Below are some entries; reproduce them exactly and leave every picture out.

━━ Task data

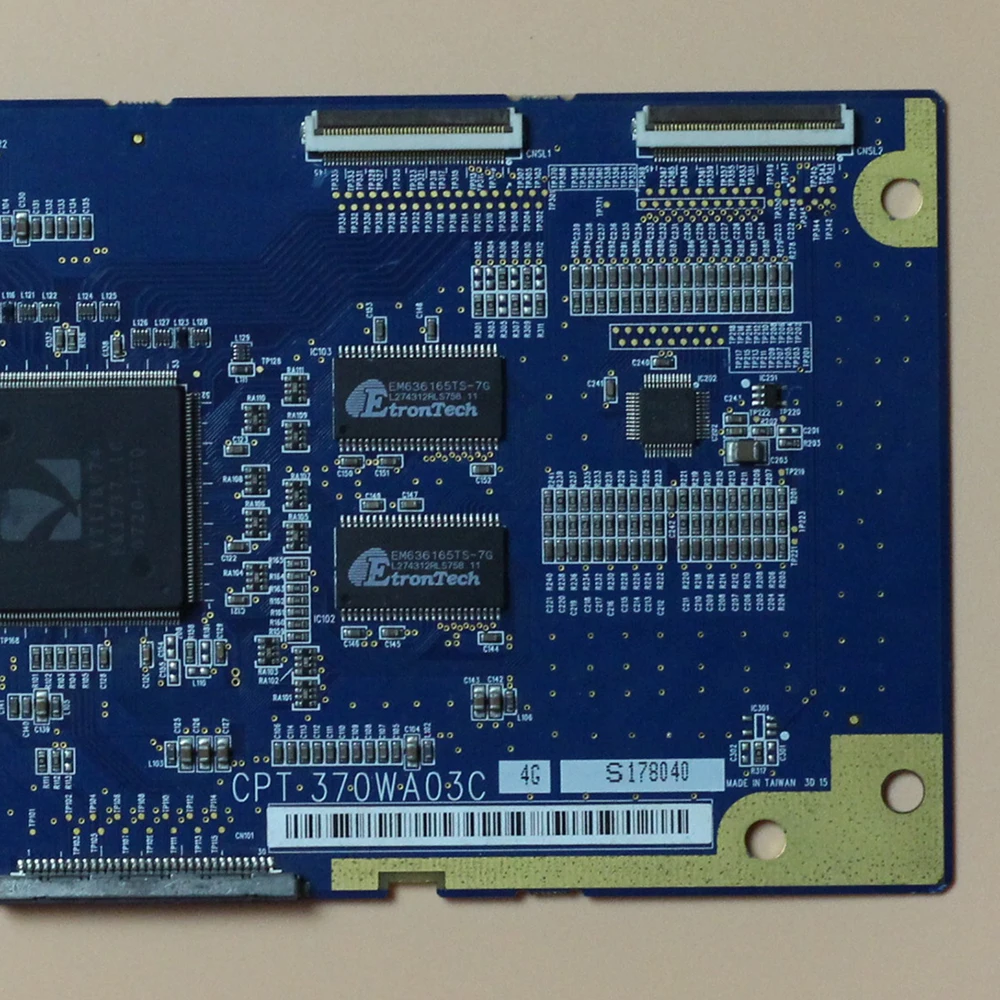 لوحة منطقية أصلية CPT370WA03C CPT370WA03C CPT370WA03C4G للتلفزيون 37 ''لوحة اختبار احترافية T-Con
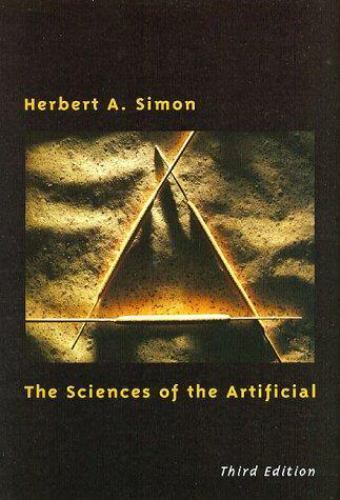 The Sciences of the Artificial – 3rd Edition Simon, Herbert A. paperback Used –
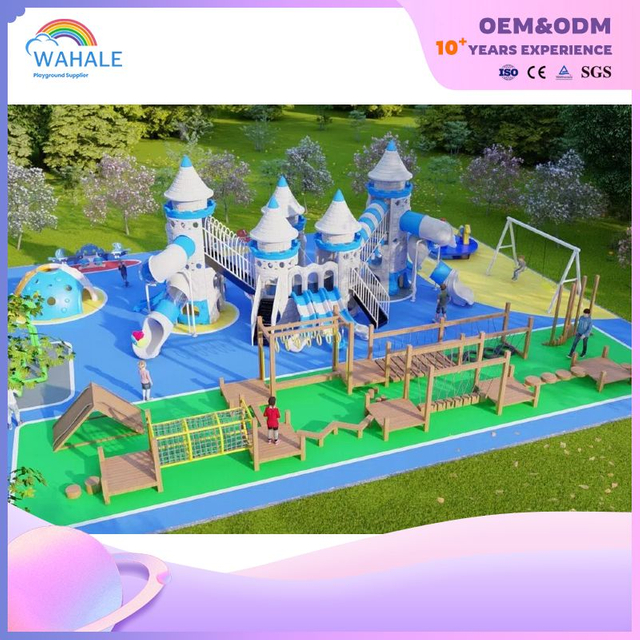 Children's Outdoor Playground Amusement Park Children Happy Entertainment Soft Game Park Equipment Wholesale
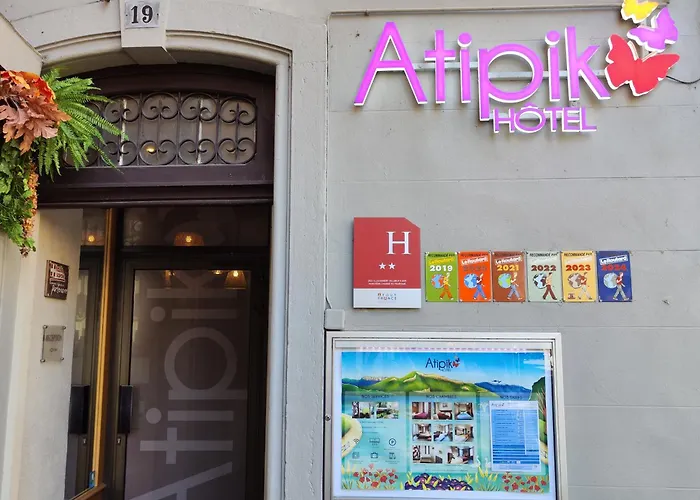 AtipikHotel Annecy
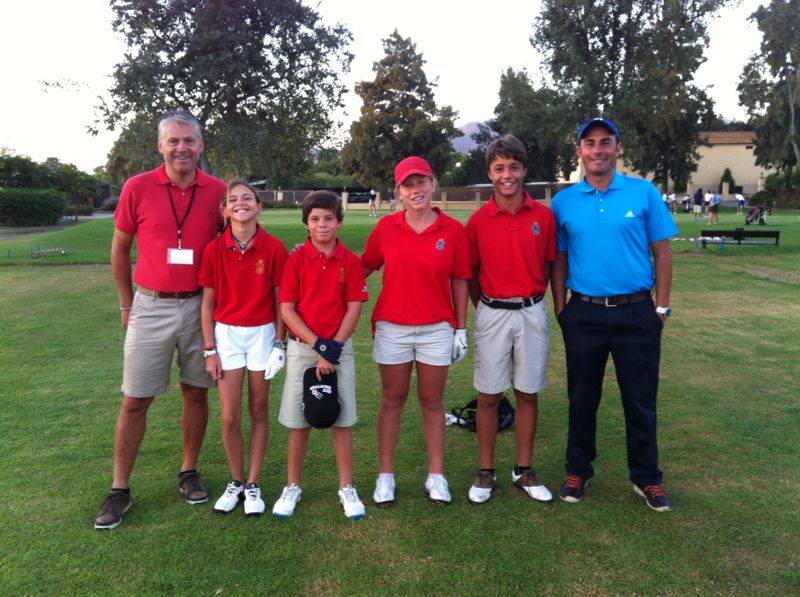 CAMPEONATO DE ESPAÑA INTERCLUBES INFANTIL REALE 2014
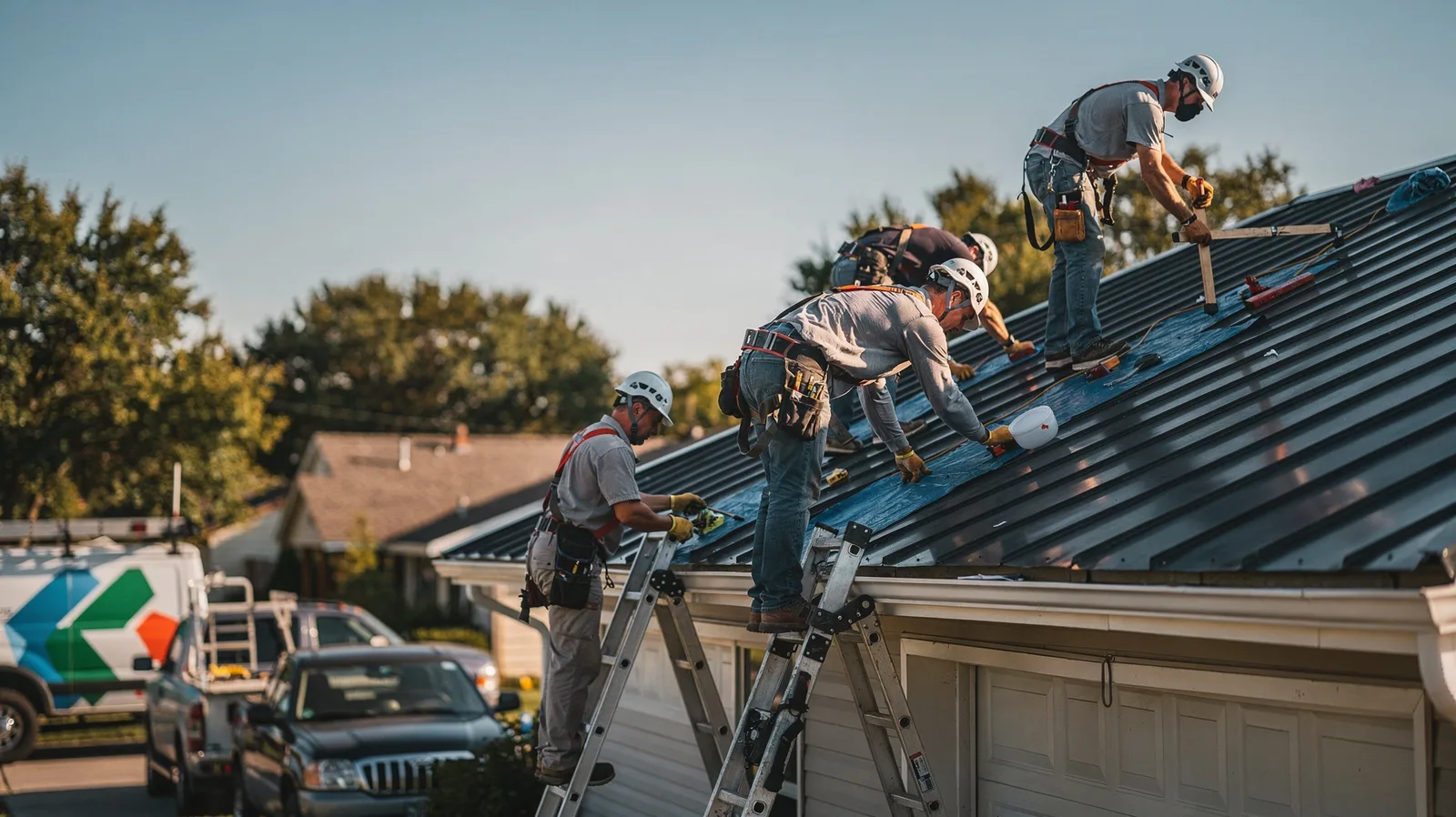 Metal Roof Installation in Oklaunion, TX near me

━━━━

**Answer for the task:**
 لوحة منطقية أصلية CPT370WA03C CPT370WA03C CPT370WA03C4G للتلفزيون 37 ''لوحة اختبار احترافية T-Con
 The Sciences of the Artificial – 3rd Edition Simon, Herbert A. paperback Used –
 Children's Outdoor Playground Amusement Park Children Happy Entertainment Soft Game Park Equipment Wholesale
 AtipikHotel Annecy
 CAMPEONATO DE ESPAÑA INTERCLUBES INFANTIL REALE 2014
 Metal Roof Installation in Oklaunion, TX near me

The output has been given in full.